The total number of unique words is :
## [1] 786
## Loading required package: RColorBrewer
library(text2vec)
library(dplyr)
library(purrr)
# Tokenize resp
tokens <- students_df$response %>%
tolower() %>%
word_tokenizer()
# Build vocab
it <- itoken(tokens, progressbar = FALSE)
vocab <- create_vocabulary(it)
vectorizer <- vocab_vectorizer(vocab)
tcm <- create_tcm(it, vectorizer, skip_grams_window = 5)
# Train GloVe model
glove <- GlobalVectors$new(rank = 50, x_max = 10)
word_main <- glove$fit_transform(tcm, n_iter = 10)
## INFO [11:58:27.592] epoch 1, loss 0.1560
## INFO [11:58:27.610] epoch 2, loss 0.0889
## INFO [11:58:27.621] epoch 3, loss 0.0656
## INFO [11:58:27.629] epoch 4, loss 0.0529
## INFO [11:58:27.637] epoch 5, loss 0.0445
## INFO [11:58:27.645] epoch 6, loss 0.0383
## INFO [11:58:27.654] epoch 7, loss 0.0335
## INFO [11:58:27.662] epoch 8, loss 0.0296
## INFO [11:58:27.670] epoch 9, loss 0.0264
## INFO [11:58:27.679] epoch 10, loss 0.0237
word_context <- glove$components
word_vectors <- word_main + t(word_context)
# Compute Document Embeddings
compute_doc_embedding <- function(words) {
valid_words <- intersect(words, rownames(word_vectors))
if (length(valid_words) == 0) {
rep(0, ncol(word_vectors)) # Return zero vector if no valid words
} else {
colMeans(word_vectors[valid_words, , drop = FALSE])
}
}
students_df <- students_df %>%
mutate(embedding = map(tokens, compute_doc_embedding))
# Check embeddings
# head(students_df$embedding)
set.seed(123) # Ensure reproducibility
library(cluster)
# Convert embeddings list to matrix
embedding_matrix <- do.call(rbind, students_df$embedding)
# Choose number of clusters (e.g., k=5)
k <- 5
clusters <- kmeans(embedding_matrix, centers = k, nstart = 10)

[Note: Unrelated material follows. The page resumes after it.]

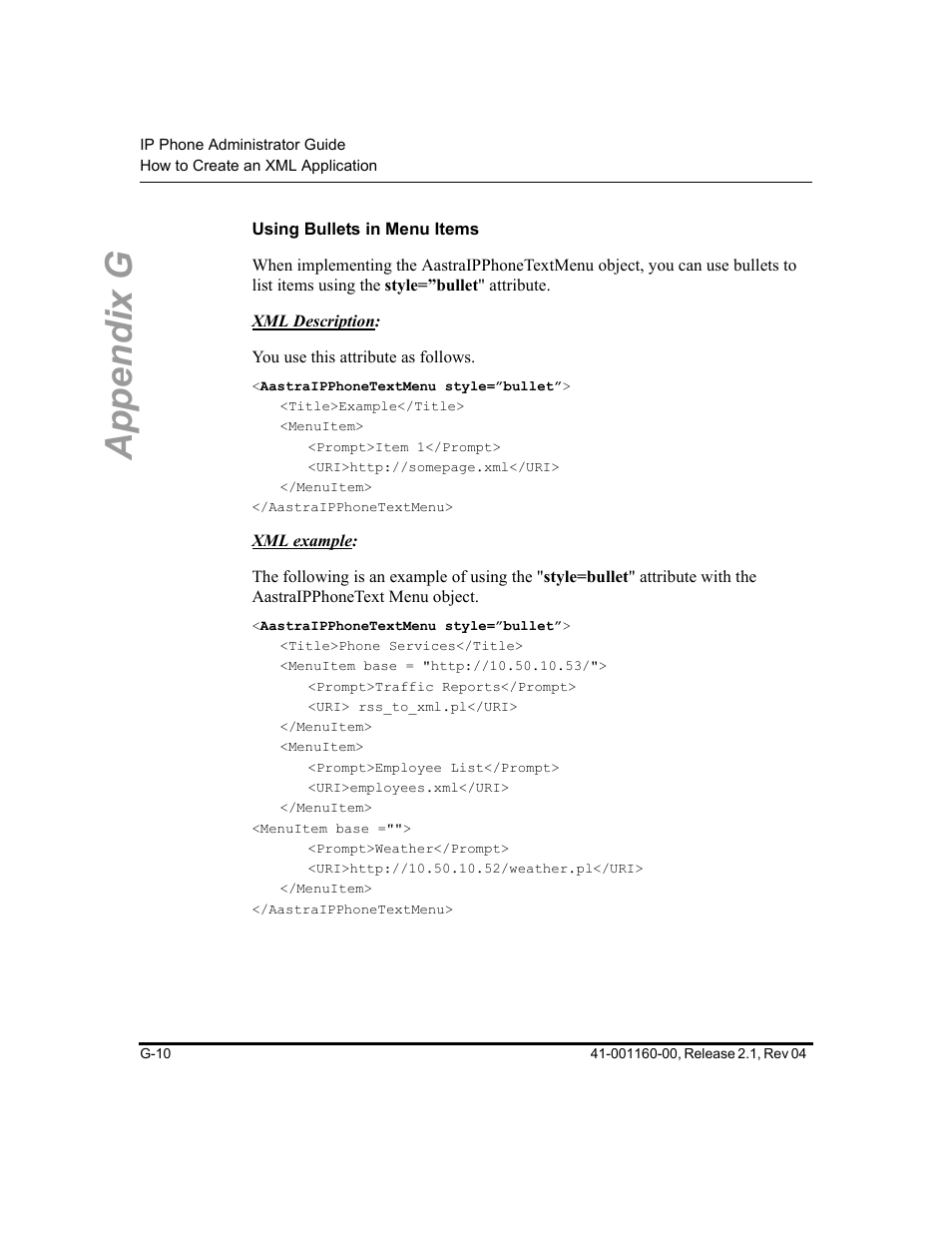 Using bullets in menu items, Appendix g | Aastra Telecom SIP 57I User Manual | Page 748 / 818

# Add cluster labels to dataframe
students_df <- students_df %>%
mutate(cluster = clusters$cluster)
My code first cleans and tokenizes each student response, filtering out common stopwords to ensure more meaningful terms are used. Next, it builds a vocabulary from these tokens and creates a term co-occurrence matrix (TCM), which is then used to train a GloVe model and generate word embeddings. A GloVe model is a way to teach a computer the relationships between words by examining how often they appear together, producing numeric representations that help the computer understand each word’s meaning. Each student response is converted into a document-level embedding by averaging the relevant word vectors, thus capturing the semantic content of the response. Finally, k-means clustering is applied to these embeddings, yielding five distinct sentiment-based clusters.
Below is the frequency of students in each cluster :
##
## 1 2 3 4 5
## 7 17 16 20 10
The last step is reading each response after being clustered & determining a rough meaning of each category.

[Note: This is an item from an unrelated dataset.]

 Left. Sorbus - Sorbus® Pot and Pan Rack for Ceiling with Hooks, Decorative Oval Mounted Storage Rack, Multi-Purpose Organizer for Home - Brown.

Below are the meaning I would assign to each group by manually labeling them myself :
Cluster | Definition |
---|---|
Cluster 1 | These responses focus on how standardized tests fail to accommodate diverse student needs—such as language barriers, IEPs, learning disabilities, and test anxiety—emphasizing that a one-size-fits-all exam is not equitable for students with different educational and personal backgrounds. |
Cluster 2 | Students describe the systemic unfairness of standardized testing, particularly highlighting how socioeconomic factors (e.g., access to tutors, after-school programs, and quality instruction) create unequal opportunities that the tests themselves do not account for, perpetuating bias and inequality. |
Cluster 3 | These responses strike a more nuanced tone, acknowledging that while standardized tests can provide a common measure of certain skills, they also ignore individual learning styles, differing curriculum coverage, resource disparities, and outside factors that make a single standardized metric incomplete or unfair. |
Cluster 4 | Discussion here revolves around a broader critique of standardized tests—from socioeconomic gaps, cultural bias, and test anxiety to concerns about testing’s narrow focus on certain types of intelligence—though a few participants also note potential benefits of having a universal framework for assessment. |
Cluster 5 | These entries are largely personal anecdotes illustrating the stress, confusion, and lack of preparation or transparency around standardized tests (e.g., not knowing about scholarships, navigating language barriers, or unrecognized learning challenges), underscoring the emotional toll and perceived inequities of the testing process. |
After analyzing over sixty student responses on the fairness of standardized tests, a few overarching themes emerge. First and foremost is the theme of inequity tied to socioeconomic status. Many responses highlight disparities in access to test preparation resources—tutors, special classes, and better-funded schools—which advantage students from higher-income families while leaving lower-income peers at a disadvantage. Several students also emphasize resource gaps in underfunded schools, contributing to weaker preparation and, often, lower test scores.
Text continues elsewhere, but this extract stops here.